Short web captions
=-=-=-=-=

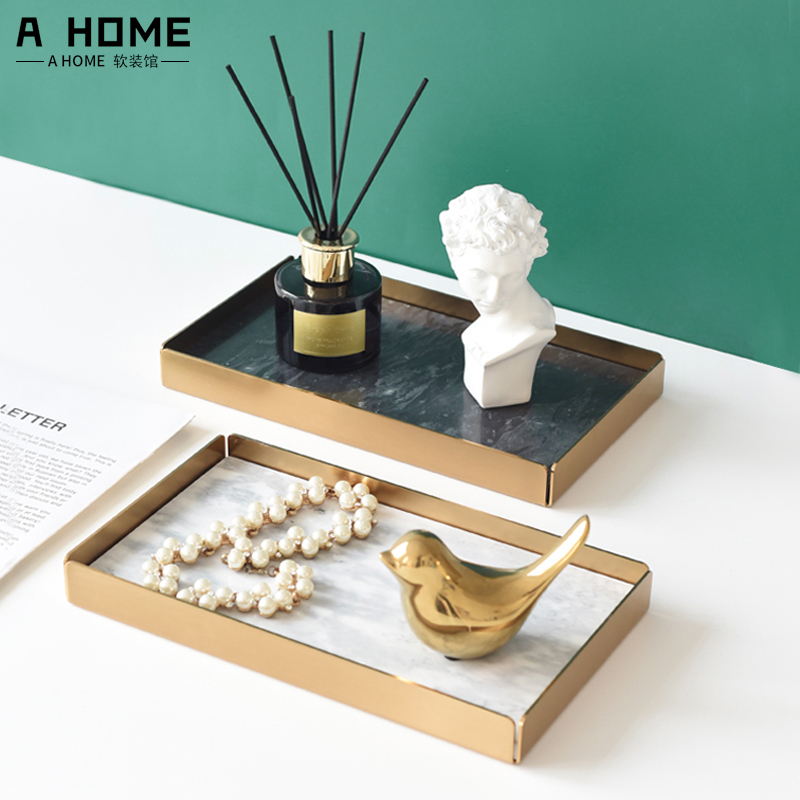 Nordic rectangular marble tray cosmetic jewelry storage tray hotel bathroom storage tray model room furnishings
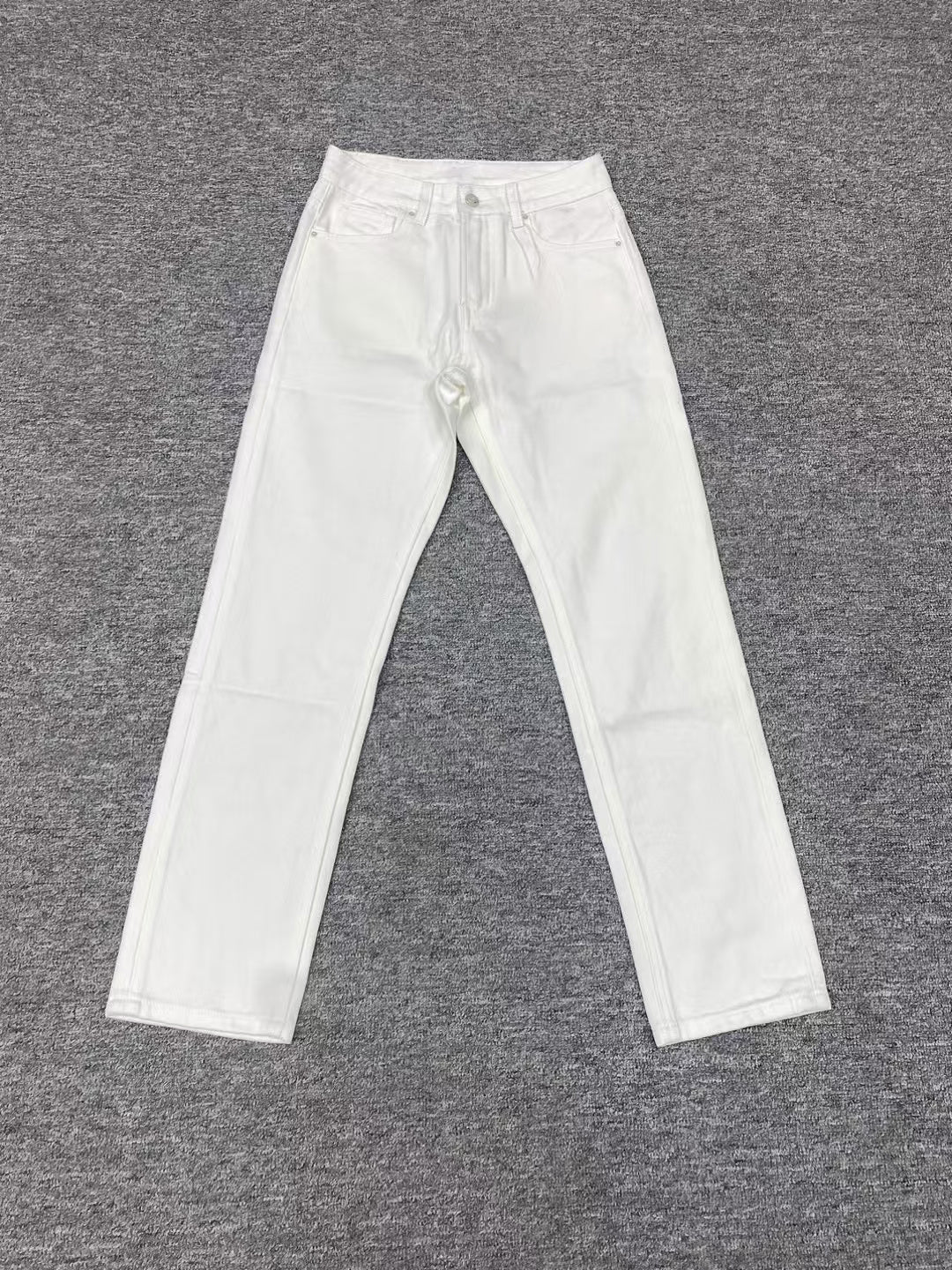 High-waisted Cotton Breathable Straight-leg Denim Trousers-TT021
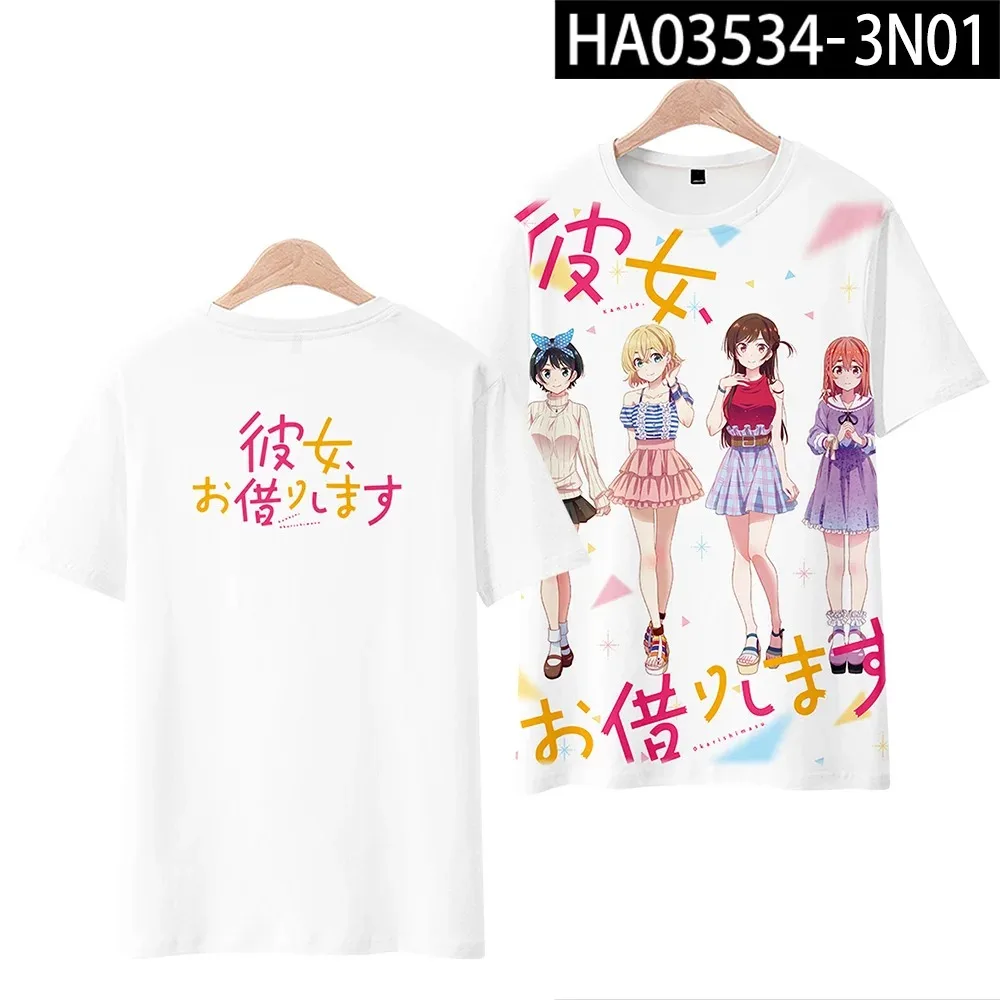 Alugar uma namorada kanojo okarishimasu 3d impressão camiseta verão em torno do pescoço manga curta anime japonês streetwear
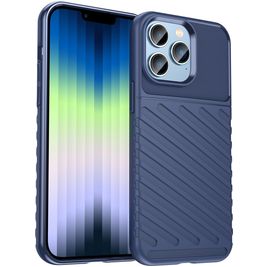Mobigear Groove Coque iPhone 14 Pro Max Coque arrière en TPU Souple - Bleu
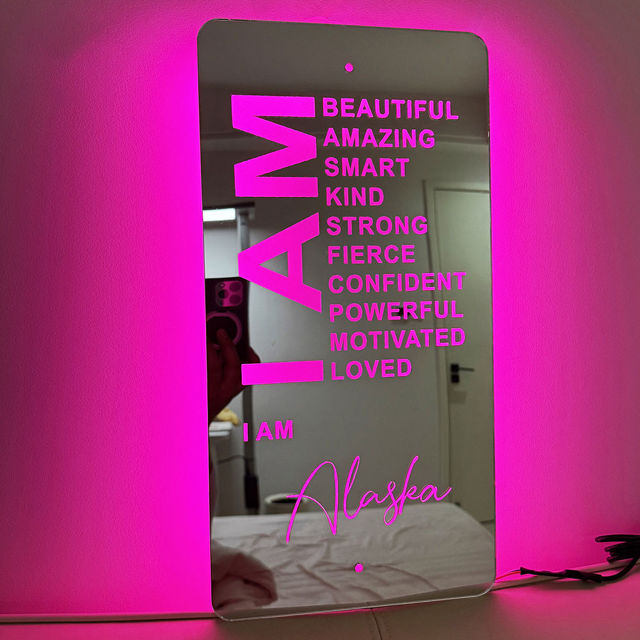 Picture of Personalized Name LED Neon Sign Mirror - Customized Illuminated Name Mirror - Personalized Affirmation Mirror - Wall Art Light Up Mirror - Best Birthday, Anniversary & Christmas Gift for Family and Friends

=-=-=-=-=

**Work instruction**
Would you restate word for word only the lines from the line with "Alugar uma namorada" to the last line above, with the pictures left out?

**Output below**
 Alugar uma namorada kanojo okarishimasu 3d impressão camiseta verão em torno do pescoço manga curta anime japonês streetwear
Mobigear Groove Coque iPhone 14 Pro Max Coque arrière en TPU Souple - Bleu
 Picture of Personalized Name LED Neon Sign Mirror - Customized Illuminated Name Mirror - Personalized Affirmation Mirror - Wall Art Light Up Mirror - Best Birthday, Anniversary & Christmas Gift for Family and Friends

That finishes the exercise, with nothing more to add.